Igea Virtus: la rabbia e la necessità
Il paradosso di questa sentenza è che rende l’impegno di Barcellona ancora più insidioso. Senza la certezza di un ricorso vittorioso, i siciliani — ora a -6 dalla vetta — non possono più permettersi calcoli. Se prima ci si aspettava una squadra arroccata, domenica la Reggina potrebbe trovarsi di fronte un avversario costretto a giocare a viso aperto per riprendersi sul campo ciò che la giustizia sportiva ha tolto. Per gli amaranto è un’arma a doppio taglio: da un lato, la possibilità di trovare spazi solitamente negati dalle difese chiuse; dall’altro, il rischio di affrontare un gruppo ferito, arrabbiato e con la mente libera da pressioni tattiche esasperate.

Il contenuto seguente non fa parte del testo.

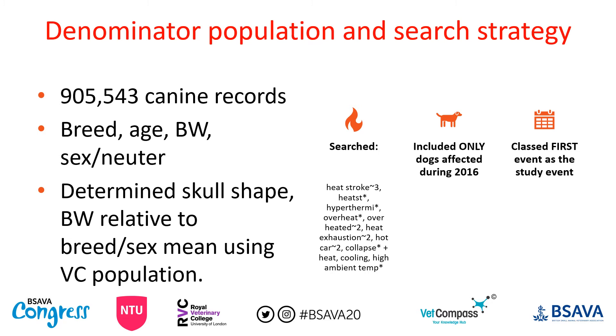This study resulted in a denominator population of 905,543 dogs. We focused particularly on breed, age, body weight, and sex-neuter status. We also looked at skull shape, determined by the listed breed, and body weight relative to breed-sex mean using the VETCompass population. It's important to note that if the UK dog population skews heavy, the VETCompass mean will also be heavy, so an animal overweight compared to that mean is very overweight. Where dogs had more than one event, we only used the first one.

Orgoglio amaranto e infermeria
L’ambiente reggino oscilla tra lo scetticismo dettato dai troppi passaggi a vuoto stagionali e la voglia di un ultimo sussulto d’orgoglio. La squadra ha ripreso gli allenamenti a porte chiuse, nel tentativo di isolarsi e ritrovare la fluidità delle fasi migliori dell’anno. Le notizie dal campo, tuttavia, non sono del tutto rassicuranti. Torrisi dovrà fare a meno di Di Grazia, fermato da un problema muscolare che lo terrà ai box per almeno due settimane. Resta inoltre l’incognita legata ai tempi di recupero del capitano Barillà, la cui assenza pesa come un macigno sul carisma della squadra in vista di quella che, a tutti gli effetti, appare come l’ultima chiamata per la gloria.